On the 31st March I attended the International Class run by Mesei Ishikawa San. The theme was 'Freestyle Arrangement'. Ishikawa San demonstrated two arrangements - the first 'Emphasizing Straight lines', using bull rushes and delphiniums and the second 'Emphasizing Curved Lines', using spiraea and calla lilies.
As for my arrangement, I used a container that I have coveted for a long time now - a nageire which has been split half way down and twisted slightly. I used four large aspidistra leaves and one gorgeous phalenopsys orchid. In her critique, Ishikawa San used a Japanese term which, unfortunately, defies translation. The word she used is 'sasuga', which is a complementary term but the specifics of it I can't express in English. She added that 'container, leaves and orchid harmonized perfectly'.
Front and back views of same arrangement
For visitors such as myself, the International class provides a venue to meet other visiting students who also speak English. One such student is Suzanne Sendelbach from the US, with whom I enjoyed chatting. I have included her arrangement, firstly because it's interesting and secondly because of the technique for bending the bull rushes. She was shown by sensei to wire the bull rushes so that she could then bend them and they would stay. I had not seen this before and I thought it worth mentioning.
As a follow up on my post about spring, this is the view of the palace gardens from the window of the class room at Headquarters. Note the cherry blossom trees in between all that greenery. I'm making a point to work near the window to enjoy this vista.

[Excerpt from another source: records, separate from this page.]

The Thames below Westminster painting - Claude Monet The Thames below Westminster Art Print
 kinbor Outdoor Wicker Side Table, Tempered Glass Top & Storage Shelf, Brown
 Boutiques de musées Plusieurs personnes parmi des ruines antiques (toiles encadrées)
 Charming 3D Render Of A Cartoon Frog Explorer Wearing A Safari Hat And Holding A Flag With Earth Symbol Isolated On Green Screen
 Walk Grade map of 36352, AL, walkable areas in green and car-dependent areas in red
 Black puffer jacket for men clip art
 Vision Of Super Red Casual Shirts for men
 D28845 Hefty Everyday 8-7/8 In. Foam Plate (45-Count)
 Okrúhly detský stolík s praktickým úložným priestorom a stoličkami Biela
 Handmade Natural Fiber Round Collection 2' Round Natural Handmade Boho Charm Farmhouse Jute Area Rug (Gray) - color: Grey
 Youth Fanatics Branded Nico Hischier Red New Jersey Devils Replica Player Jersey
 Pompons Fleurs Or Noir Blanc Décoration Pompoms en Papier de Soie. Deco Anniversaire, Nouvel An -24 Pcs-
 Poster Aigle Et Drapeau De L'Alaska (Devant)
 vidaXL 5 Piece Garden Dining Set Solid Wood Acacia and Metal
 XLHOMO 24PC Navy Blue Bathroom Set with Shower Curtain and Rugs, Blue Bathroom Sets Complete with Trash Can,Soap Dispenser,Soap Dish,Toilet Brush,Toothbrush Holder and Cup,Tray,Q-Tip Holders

The photos below are of a beautiful little park in Akasaka opposite New Otani Hotel. You will notice that the ground and the water in the pond are covered with petals. I wish I was a better photographer to do justice to the scenery.
I had asked a lady, who was also taking photos of the gardens to take one of me under the cherry blossoms. In my very broken Japanese we had a small communication. We discovered we have something in common - ikebana. She belongs to the Ikenobo School.